--- Exercise data Enclosed Below ---
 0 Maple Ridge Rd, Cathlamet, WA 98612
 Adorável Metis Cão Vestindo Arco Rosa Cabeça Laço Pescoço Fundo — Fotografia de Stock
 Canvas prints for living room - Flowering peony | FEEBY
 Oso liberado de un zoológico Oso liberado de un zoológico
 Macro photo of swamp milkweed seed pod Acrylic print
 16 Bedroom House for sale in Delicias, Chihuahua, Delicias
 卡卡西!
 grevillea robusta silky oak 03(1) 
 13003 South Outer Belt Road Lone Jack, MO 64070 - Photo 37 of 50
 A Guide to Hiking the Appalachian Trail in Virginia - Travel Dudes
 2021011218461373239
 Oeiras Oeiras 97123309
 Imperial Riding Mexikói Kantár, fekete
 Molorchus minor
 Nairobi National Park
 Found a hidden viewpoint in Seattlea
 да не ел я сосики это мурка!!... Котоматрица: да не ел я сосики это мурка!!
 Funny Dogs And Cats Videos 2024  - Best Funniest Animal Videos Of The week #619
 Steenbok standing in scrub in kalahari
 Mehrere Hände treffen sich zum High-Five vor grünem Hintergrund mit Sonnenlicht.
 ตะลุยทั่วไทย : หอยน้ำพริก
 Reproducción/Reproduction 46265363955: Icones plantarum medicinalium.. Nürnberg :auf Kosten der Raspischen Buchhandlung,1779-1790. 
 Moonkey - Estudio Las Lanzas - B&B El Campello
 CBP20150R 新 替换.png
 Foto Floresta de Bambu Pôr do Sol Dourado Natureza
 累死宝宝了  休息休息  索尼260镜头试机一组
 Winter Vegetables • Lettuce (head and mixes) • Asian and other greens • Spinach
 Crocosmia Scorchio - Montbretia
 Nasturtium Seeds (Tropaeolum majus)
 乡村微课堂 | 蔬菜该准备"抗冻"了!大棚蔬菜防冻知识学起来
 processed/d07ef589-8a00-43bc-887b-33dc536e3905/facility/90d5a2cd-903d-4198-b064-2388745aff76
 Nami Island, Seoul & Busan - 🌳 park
--- End of Enclosed Exercise data ---
### What you will do
Print every record above once more, exactly as written.

### Reply
 0 Maple Ridge Rd, Cathlamet, WA 98612
 Adorável Metis Cão Vestindo Arco Rosa Cabeça Laço Pescoço Fundo — Fotografia de Stock
 Canvas prints for living room - Flowering peony | FEEBY
 Oso liberado de un zoológico Oso liberado de un zoológico
 Macro photo of swamp milkweed seed pod Acrylic print
 16 Bedroom House for sale in Delicias, Chihuahua, Delicias
 卡卡西!
 grevillea robusta silky oak 03(1) 
 13003 South Outer Belt Road Lone Jack, MO 64070 - Photo 37 of 50
 A Guide to Hiking the Appalachian Trail in Virginia - Travel Dudes
 2021011218461373239
 Oeiras Oeiras 97123309
 Imperial Riding Mexikói Kantár, fekete
 Molorchus minor
 Nairobi National Park
 Found a hidden viewpoint in Seattlea
 да не ел я сосики это мурка!!... Котоматрица: да не ел я сосики это мурка!!
 Funny Dogs And Cats Videos 2024  - Best Funniest Animal Videos Of The week #619
 Steenbok standing in scrub in kalahari
 Mehrere Hände treffen sich zum High-Five vor grünem Hintergrund mit Sonnenlicht.
 ตะลุยทั่วไทย : หอยน้ำพริก
 Reproducción/Reproduction 46265363955: Icones plantarum medicinalium.. Nürnberg :auf Kosten der Raspischen Buchhandlung,1779-1790. 
 Moonkey - Estudio Las Lanzas - B&B El Campello
 CBP20150R 新 替换.png
 Foto Floresta de Bambu Pôr do Sol Dourado Natureza
 累死宝宝了  休息休息  索尼260镜头试机一组
 Winter Vegetables • Lettuce (head and mixes) • Asian and other greens • Spinach
 Crocosmia Scorchio - Montbretia
 Nasturtium Seeds (Tropaeolum majus)
 乡村微课堂 | 蔬菜该准备"抗冻"了!大棚蔬菜防冻知识学起来
 processed/d07ef589-8a00-43bc-887b-33dc536e3905/facility/90d5a2cd-903d-4198-b064-2388745aff76
 Nami Island, Seoul & Busan - 🌳 park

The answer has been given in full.